Utilisons nos armes : la parole et le droit.
La parole doit nous permettre de dénoncer et de résister. Dénoncer les gouvernements et l’Union Européenne qui, en aucune façon, n’agissent sérieusement pour défendre les avocats. Jean-Marc AYRAULT, lors de la remise du Prix des Droits de l’Homme 2016 de la République Française, a affirmé que « le respect des Droits de l’Homme était un enjeu d’avenir ». Dans ce cas, on ne peut être qu’effrayer par l’impuissance globale des démocraties. Il est vrai qu’on ne peut, simultanément, dénoncer les atteintes aux Droits de l’Homme et vendre du matériel militaire ou d’autres produits en murmurant à l’oreille de ses dirigeants de « dictature ».
L’Europe est en train d’oublier ses valeurs fondamentales et sa boussole que constituent les Droits de l’Homme. On ne prend plus en considération que le flux des marchandises, des services et des capitaux et on oublie la liberté des hommes et des femmes.
Mais, n’utiliser que la dénonciation est insuffisant.
Il faut délivrer des « Prix des Droits de l’Homme » aux avocats. C’est rare et précieux. Cela apparait insignifiant mais parfois cela peut sauver la vie de certains avocats et notamment en Chine où cela leur assure une forme de protection du fait de cette notoriété soudaine.
Il faut multiplier les lettres adressées à l’Union Européenne, au service européen pour l’action extérieure (Fédérica MOGHERINI), au représentant spécial de l’Union Européenne pour les Droits de l’Homme (STAVROS LAMBRINIDIS, que le C.C.B.E a reçu pour la session plénière du mois décembre 2016), adresser des lettres à la Commission Européenne, au Parlement et à la représentation de l’Union Européenne auprès du pays concerné, à vos parlementaires ou aux amicales de parlementaires jumelées avec tel ou tel pays.
Il faut également adresser des lettres aux gouvernements concernés et à leurs dirigeants pour montrer que ces avocats ne sont pas oubliés.
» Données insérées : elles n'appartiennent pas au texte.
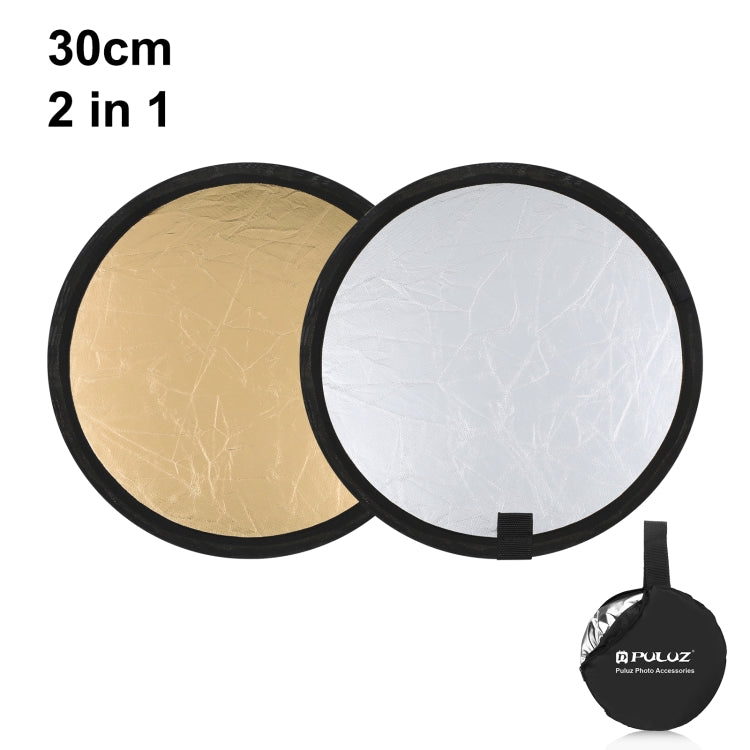 PULUZ 30cm 2 en 1 Tablero reflector de estudio fotográfico plegable plateado / dorado, 30cm Reflector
Il faut les relancer régulièrement.
Il faut participer au réseau « défense de la défense » que le C.C.B.E. a lancé aux fins d’améliorer les chances d’information et de coopération entre les différents acteurs, barreaux et organisations d’avocats actifs dans le soutien aux avocats en danger mais également organisations non-gouvernementales qui ne sont pas forcément des organisations d’avocats. D’autres organisations et barreaux se mobilisent et font un travail admirable (U.I.A., F.B.E, Observatoire International des Avocats en Danger, …).
Le Conseil des Barreaux Européens, sous ma présidence, a lancé deux projets :
une plateforme pour la protection des avocats (soit au niveau du Conseil de l’Europe, soit au niveau mondial avec le mécanisme PROTEC DEFENDERS.EU gérée par 12 O.N.G. des droits de l’Homme). Cette solutions va aboutir et sera semblable à la plateforme qui existe aux fins de renforcer la protection des journalistes.
Une convention relative à la profession d’avocat qui serait publiée par le Conseil de l’Europe. Il y a eu un accord favorable de la Commission des Droits de l’Homme qui va désigner une rapporteure. C’est une longue marche mais elle est indispensable car ce texte adopté au niveau du Conseil de l’Europe pourra être étendu au niveau mondial.
Une communauté comme celle des avocats ne peut vivre sans un dessein, sans objectifs, sans utopies. En bref, nous devons voir le monde tel qu’il est et vouloir le changer quand même.